However, this portfolio approach also exposes a fundamental risk: how to grow the human capabilities with the longest-term value – particularly leadership – in organizations where career paths are being reshaped by automation and AI. Traditional entry-level roles have long served as the proving ground for future leaders, giving early-career employees the chance to build judgment, stakeholder awareness and the ability to orchestrate complex work. As many of these tasks become automated, the risk is clear: Without redesign, fewer people will have the opportunity to develop the capabilities required to lead in an AI-enabled world.
Recent research illustrates the scale of the challenge. A study by King’s College London found that companies with high exposure to AI have been reducing junior headcount between 2021 and 2025.7 The authors warned:
“The concentration of job losses among entry-level positions disrupts traditional skill development pathways where workers master progressively complex tasks through hands-on experience. Without junior roles serving as training grounds, firms may struggle to develop senior talent internally.”
There is a second risk: even where entry-level roles remain, employees may become overly reliant on AI – allowing the system to do the complex thinking for them. This can quietly erode the development of foundational skills: critical reasoning, synthesis, narrative construction and contextual judgement.

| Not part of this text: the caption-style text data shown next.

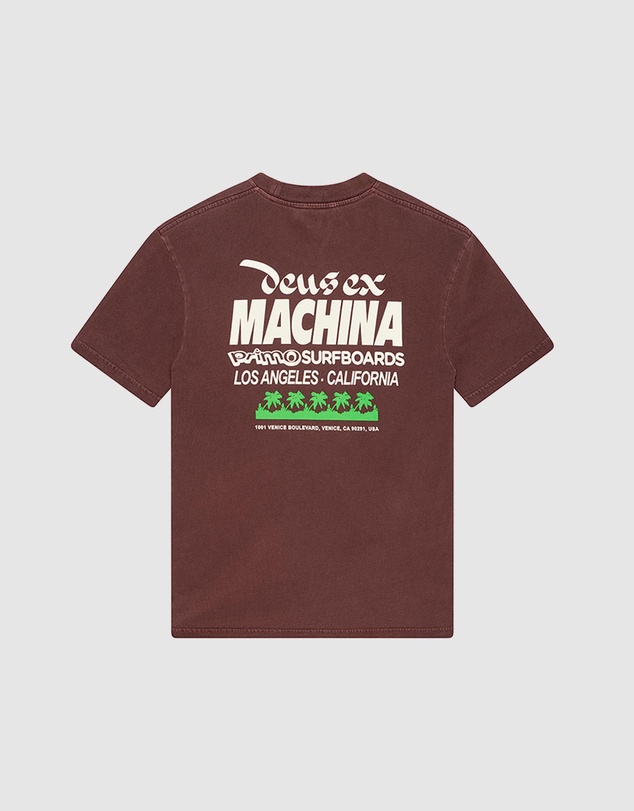 Deus Ex Machina - Primo Tee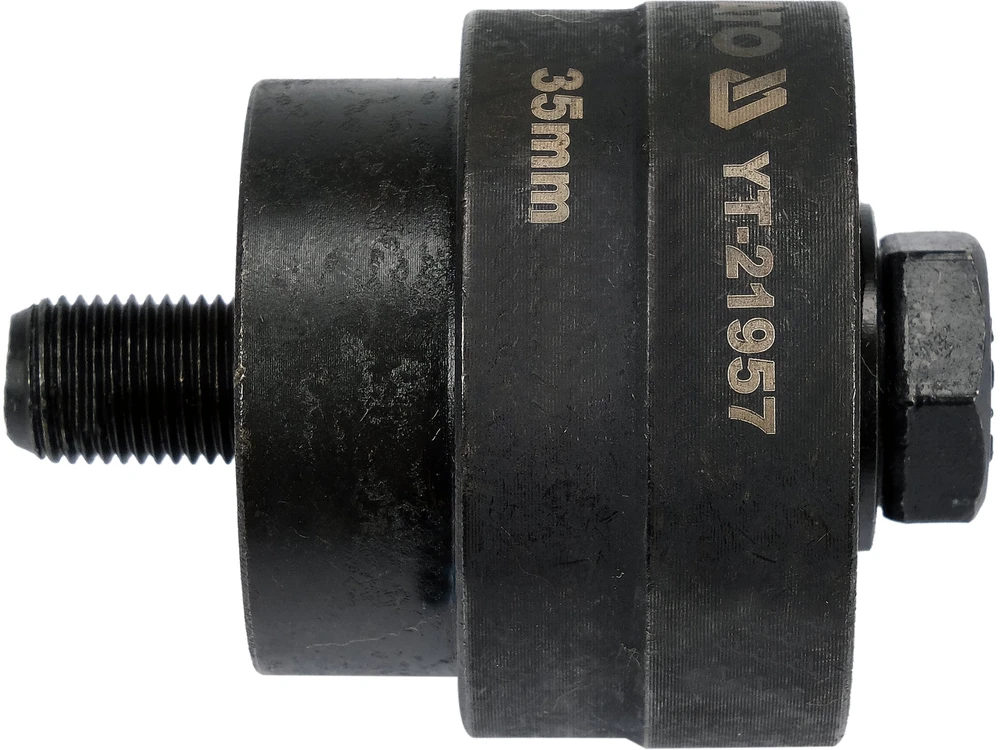 Yato KIUČIŲ PJAUSTYMAS čiaupui 35mm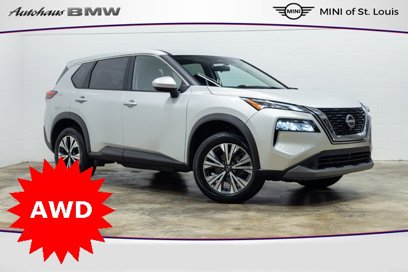 Used 2023 Nissan Rogue SV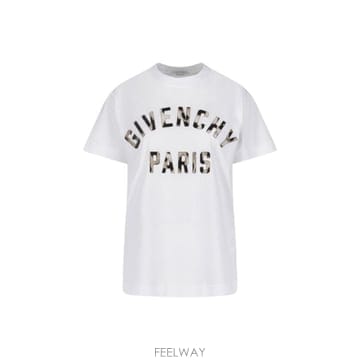 Givenchy 26FW ����� ���� Ƽ���� BW70G83YV2 100 White26FW ����� ���� Ƽ���� BW70G83YV2 100 White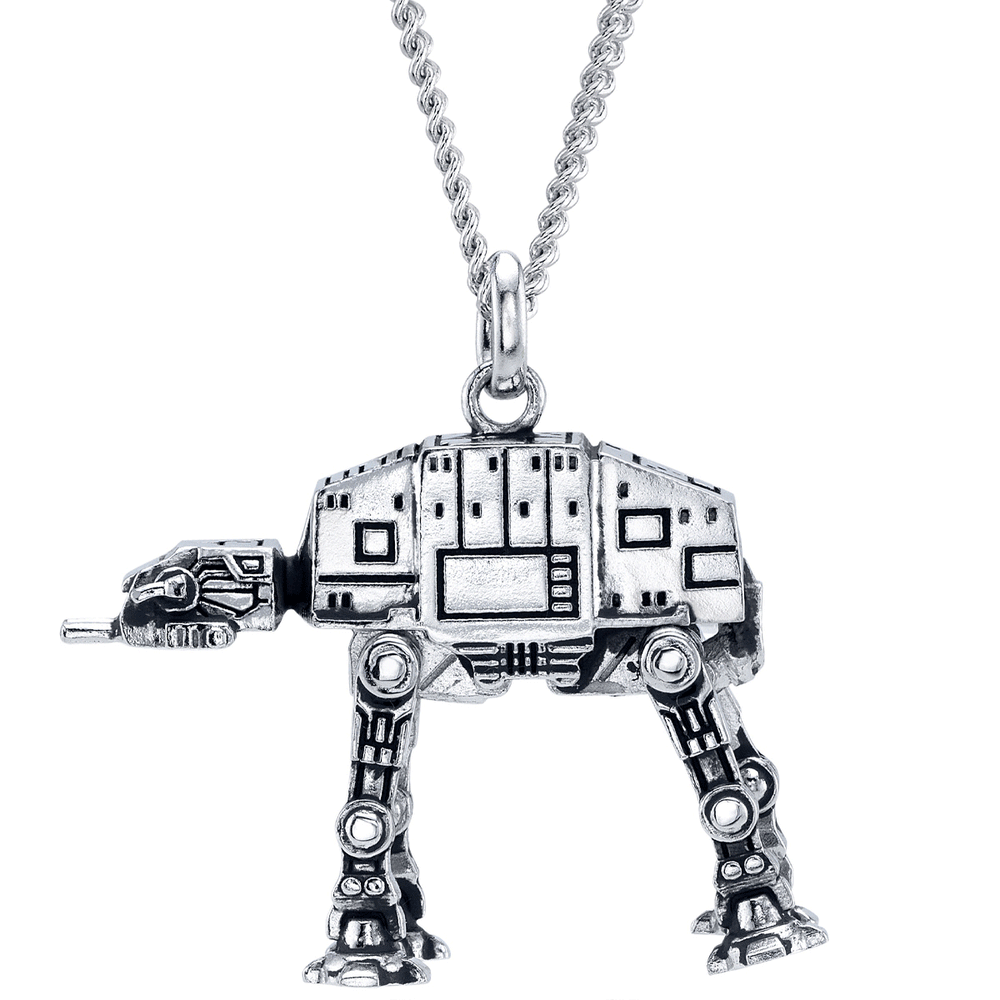 Star Wars X RockLove AT-AT Necklace (ONLINE ORDER ONLY)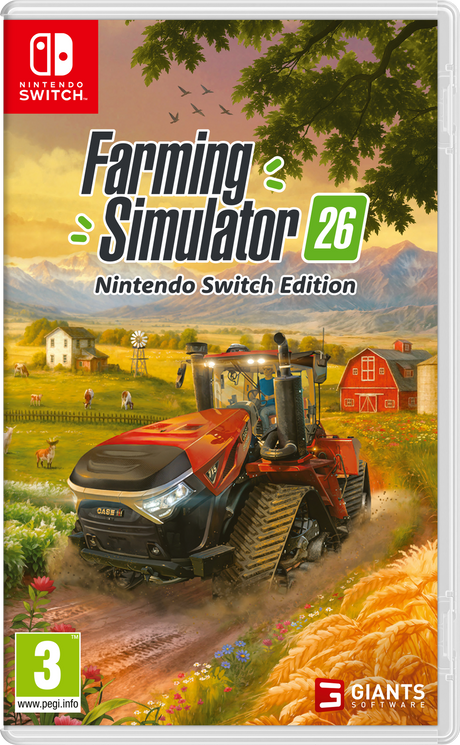 Farming Simulator 26 Giants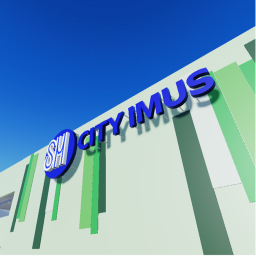 (Summer) SM City Imus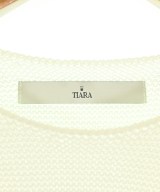 Tiara（ティアラ）ニット・セーター 白 サイズ:-(XS位) レディース/2200698708075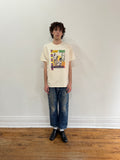 Vintage Crop Walk T-shirt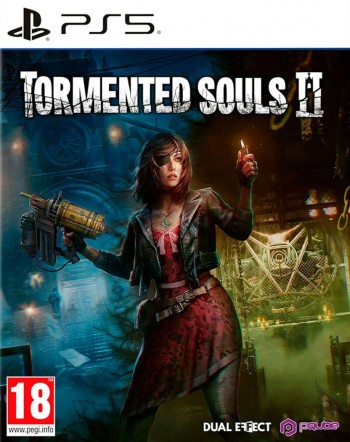  Tormented Souls 2 [ ] PS5 PPSA17322 - , ,     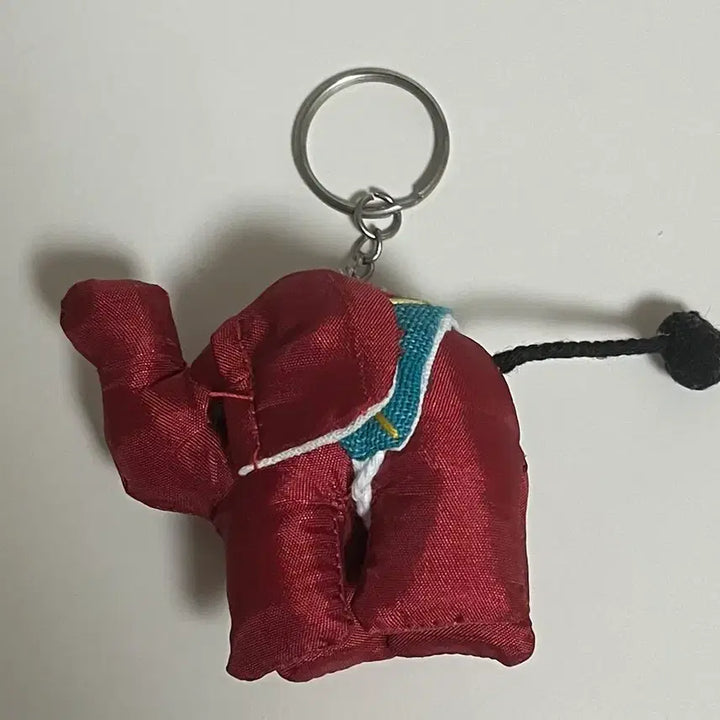 [BUNJANG] Elephant Keychain / 마지막 내림 할인 급처분|코끼리 열쇠고리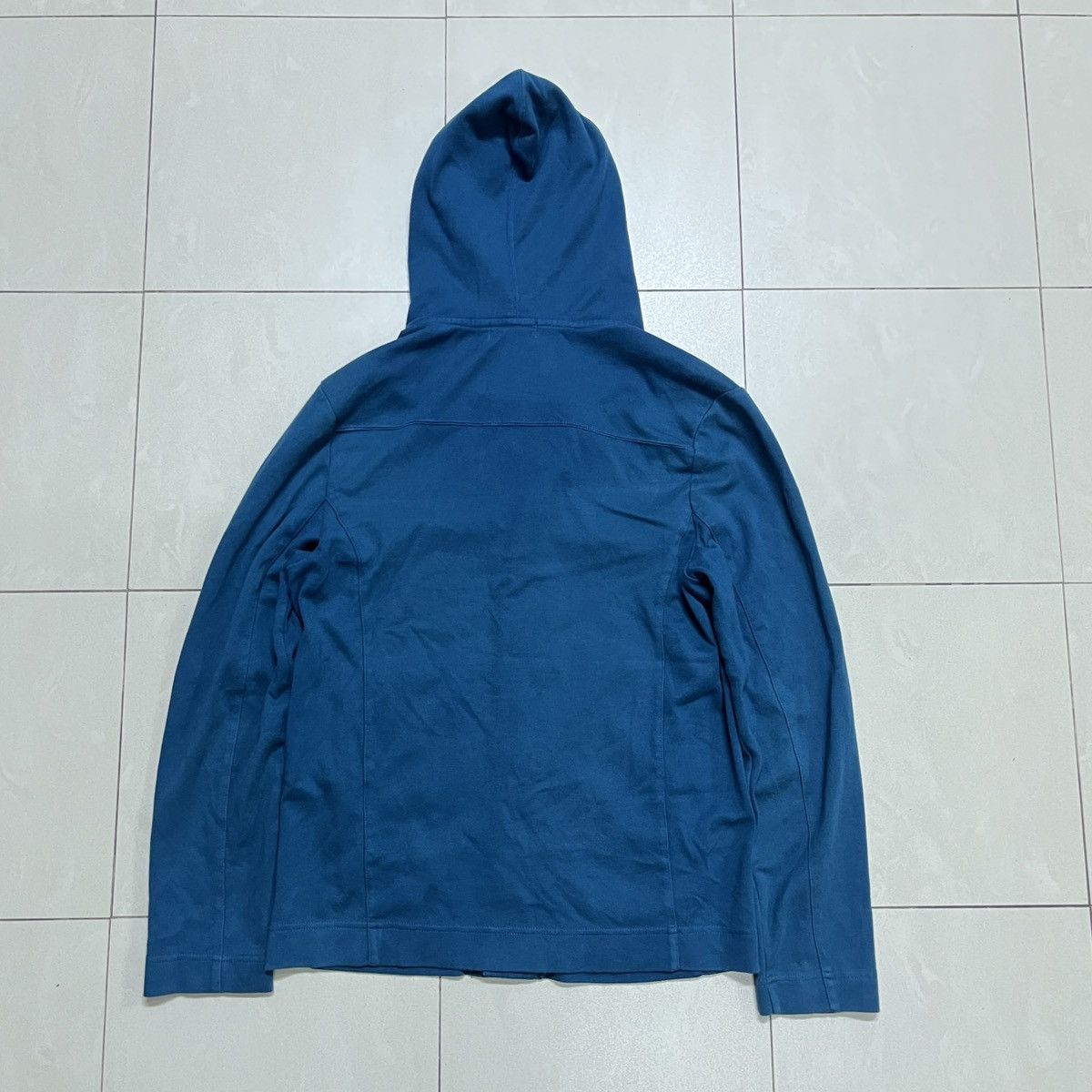 20471120 291295=Homme Button Hoodie Size US S / EU 44-46 / 1 - 10 Thumbnail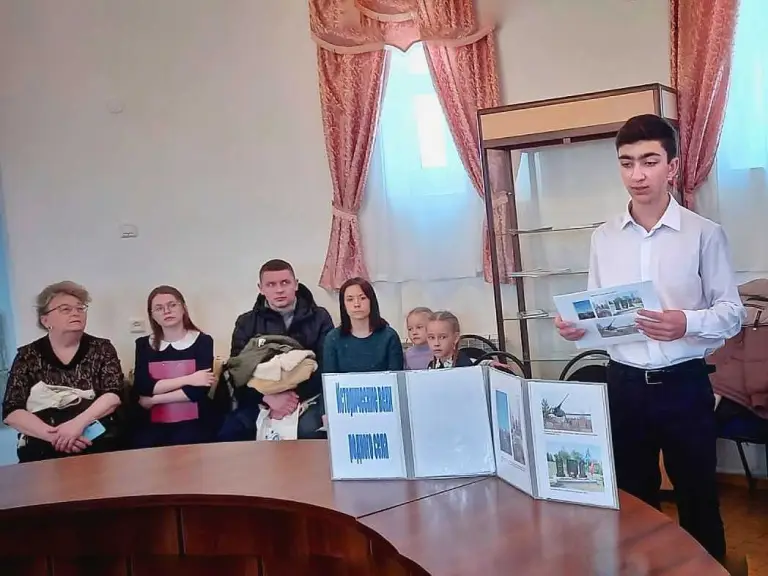 В духовно-патриотическом центре «Арское» прошла конференция «История семьи в истории Отчизны»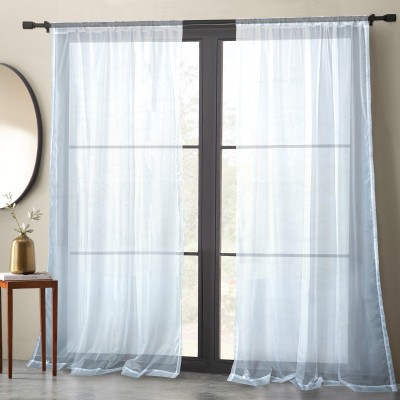 2pk Basic Elegance Sheer White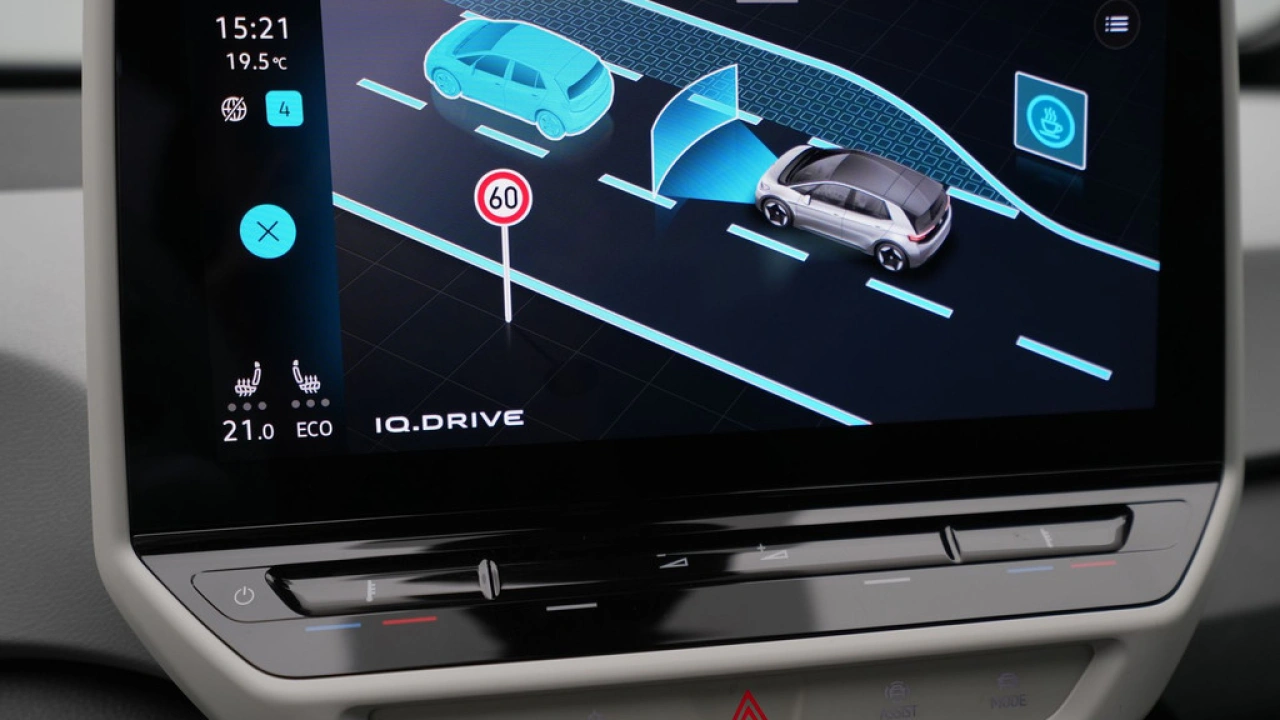 Volkswagen ID.3 First Plus 58 kWh 204pk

Forward-looking organizations recognize that building future leadership capability is too important to leave to chance. They are acting intentionally, reshaping early-career work to preserve – and even accelerate – the development of human capability by:
- Integrating AI literacy with leadership fundamentals: pairing technical skills with systems thinking, strategic communication and decision-making exercises
- Avoiding KPIs that reward speed and automation alone, which encourage juniors to bypass thinking and default to the model
- Creating “slow lanes” for critical thinking through structured reviews, reflection time and “explain your reasoning” rituals that force deeper cognitive engagement
- Making early-career employees co-responsible for improving AI systems – through feedback loops, error logging, or prompt library development – so they see themselves as shaping the tools rather than merely consuming them
In short, the disappearance of traditional entry-level work is not inevitable, but leadership pipelines will weaken unless organizations deliberately redesign the early-career experience for an AI-enabled world.
These shifts elevate the role of the CHRO and CTO from administrators of today’s workforce to stewards of tomorrow’s capability. Long-term value creation will depend on leaders who can imagine and engineer, the pathways through which human and machine capabilities grow together.